Stories like this aren’t uncommon. Pretty much every publicly listed silicon valley company started off like Microsoft, and consequentially has amazingly wealthy founders. And thanks to stock markets, the ability to invest in other people’s good ideas and hard work is available to anyone.
There are many books, websites and careers based on investing in the stock market. So for this introductory post on the subject, I will simply say this: Invest in what you know.
To better illustrate this concept, consider this story that took place in the 1930’s. It was a party that a celebrated banker was throwing, he invited his business clients and colleagues. At the time, women weren’t involved in money matters much, especially the money matters of their extremely wealthy husbands. But the banker’s wife had inherited a small fortune from the death of a relative and wanted to grow the money herself.
She knew from listening to her husband and his friends talking about investing all the time that putting her money in the stock market was the best way to grow it. She saw one of her husband’s investment friends, Benjamin Graham, who at the time was a well respected investor (who later went on to define value investing, and teach other greats, like Warren Buffet).
The banker’s wife asked Benjamin, “What should I invest my money in?” to which Benjamin answered, “never invest your money into something you don’t understand. Invest your money in something you not only understand, but use every day.”
No one knew what the banker’s wife did with her money. Decades later, after her death, it was discovered that she had made a massive fortune, much more than her husband ever made, on the stock market. As it turned out, she followed Benjamin’s advice directly and invested in a revolutionary idea that she was uniquely positioned to appreciate, Tampax, the first makers of modern tampons.

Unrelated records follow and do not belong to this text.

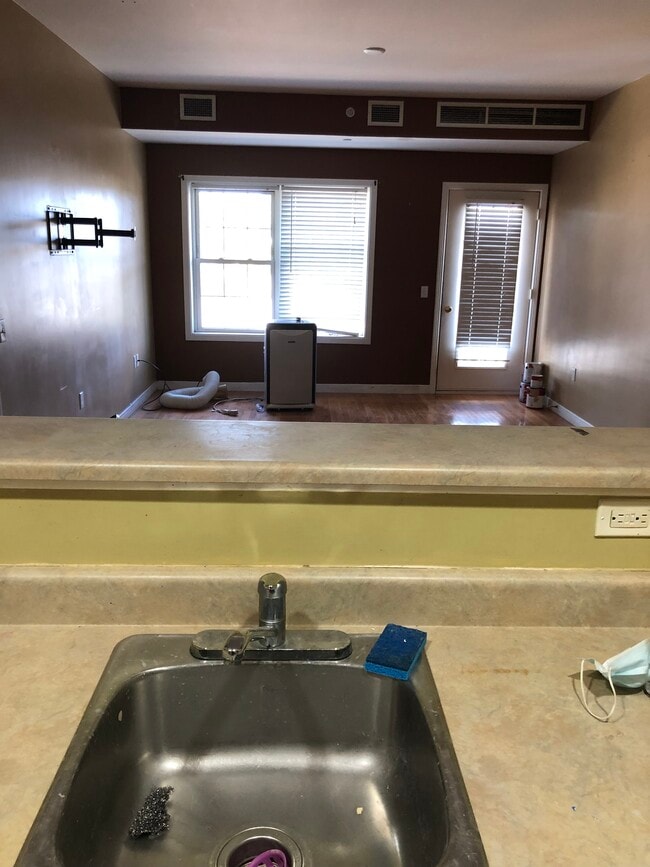 Building Photo - 8 Walnut St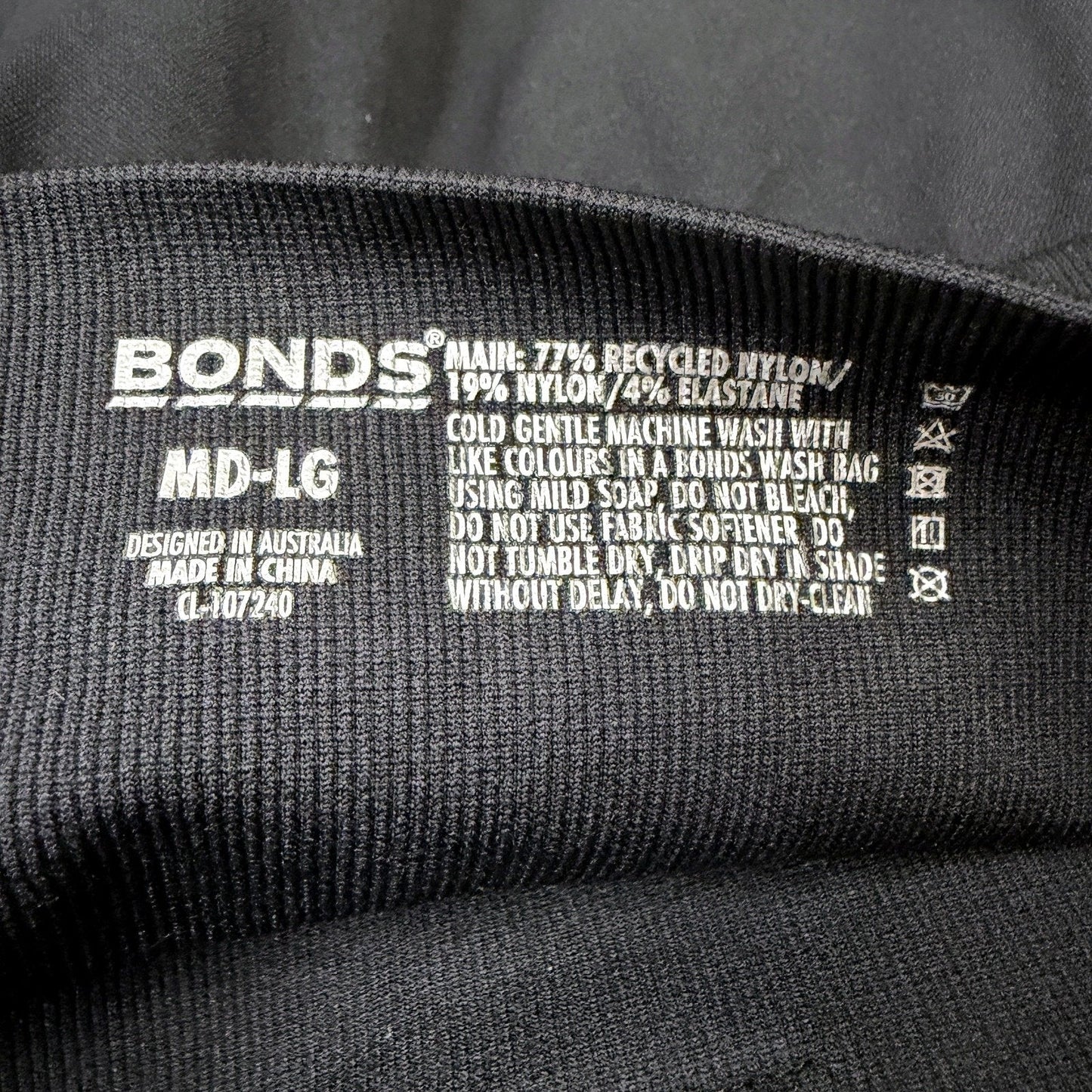 Bonds Womens High Waisted Recycled Nylon Black Leggings Medium NEW
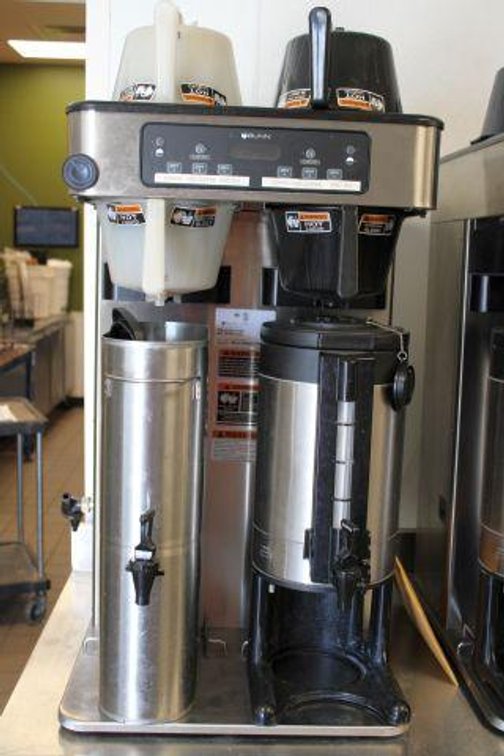 BUNN COMMERCIAL TEA AND COFFEE MAKER 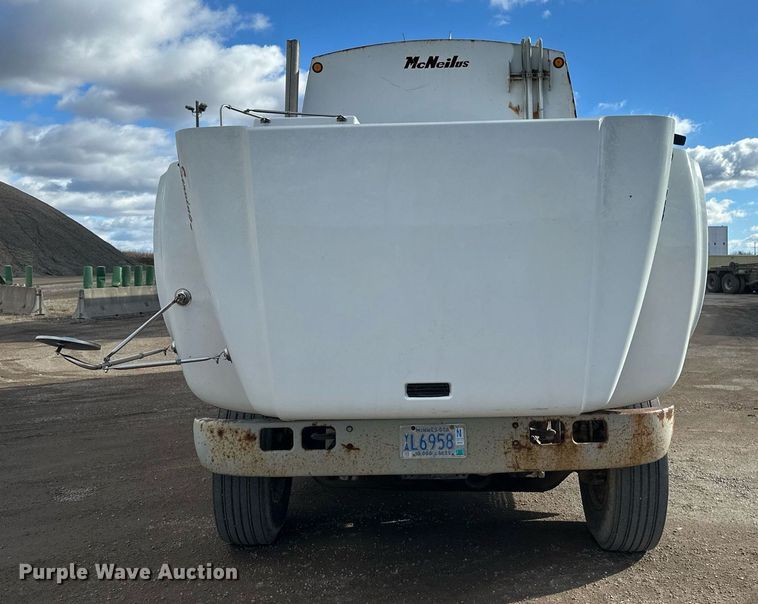 image for item DV0624 2001 International  4700 refuse truck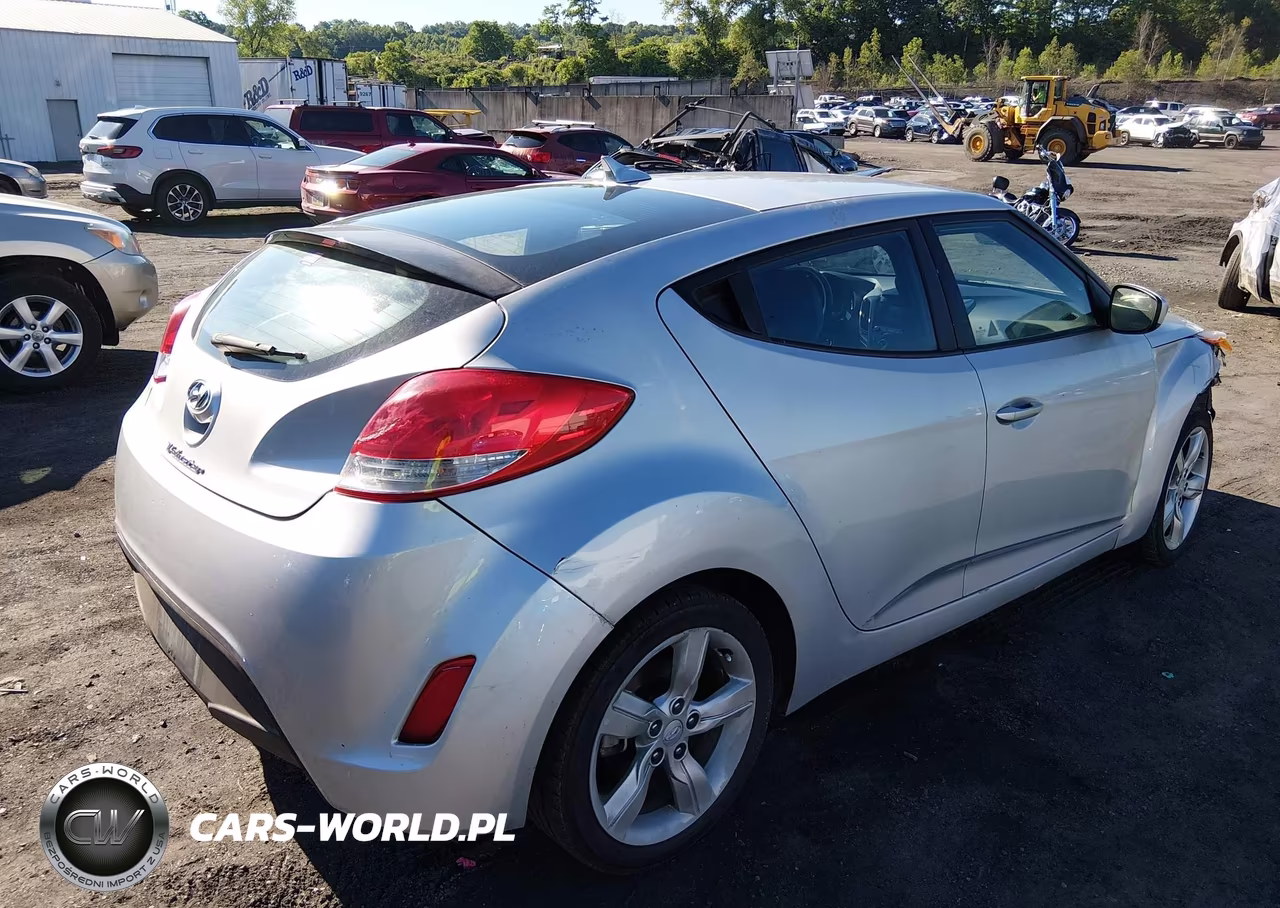 2014 Hyundai Veloster Base W-Black VIN:KMHTC6AD4EU211755 - 4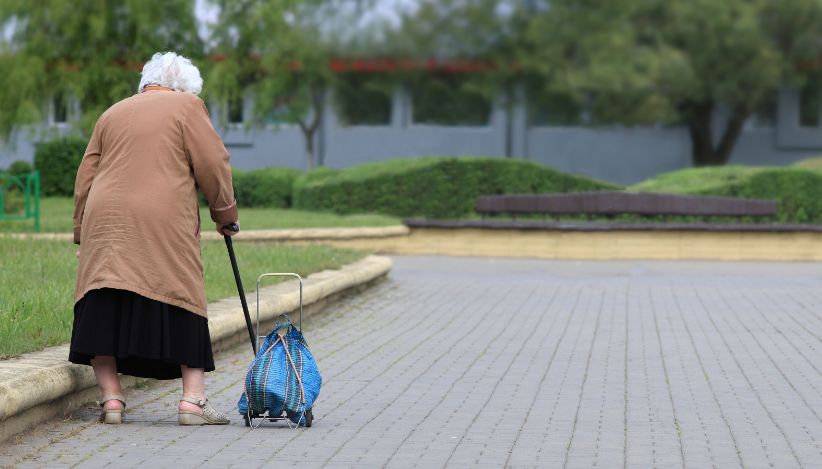 Отовсюду обо всем: В России старушка лечила суставы героином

If you don’t know what you’re investing in, you are literally relying on luck. It is possible that some solar panel company that just started up is going to go somewhere, but unless you know about solar technology, or how that industry works, all you can do is hope to get lucky, because you don’t understand what needs to happen for a company to be successful in the solar energy market.
I can’t tell you how much the concept of investing in what you know has changed my money outlook. I have invested in Google, and Visa because I use their products almost every day and I understand how their business models work. I love Netflix, and am very happy that I invested in them 5 years ago, before everyone had a subscription.*
In fact, all my dud investments (and there are a lot of them) have all been in companies I didn’t use or understand.
If you have some extra money you want to play with, and a couple good investment ideas that you personally use daily, then there is no shortage of companies for you to invest in. This means that if you love comic books and video games, invest in Disney (as they own Marvel now, and Star Wars, and have bankrolled all the big superhero movies in recent years). Like playing video games? Put your money where your mouth is, EA and Activision are on the Nasdaq, so is Sony and Xbox. Making lots of money with your home made goods business on Etsy or eBay? Maybe your unique experience makes investing in those companies a good idea to you.
A little more grown up than games and comics, and short of ideas? You should pay for an annual subscription to a publication that analyses individual companies for you. I have subscribed to the Motley Fool before, and indeed, that’s where I first read about investing in Netflix or Marvel. It is a great way to read about what other investors have to say about a lot of popular, and up and coming companies.
* As a full disclosure, I currently own shares in Disney, Google, Netflix and Visa. Though they have been a good investment for me over the years, they might treat you differently tomorrow.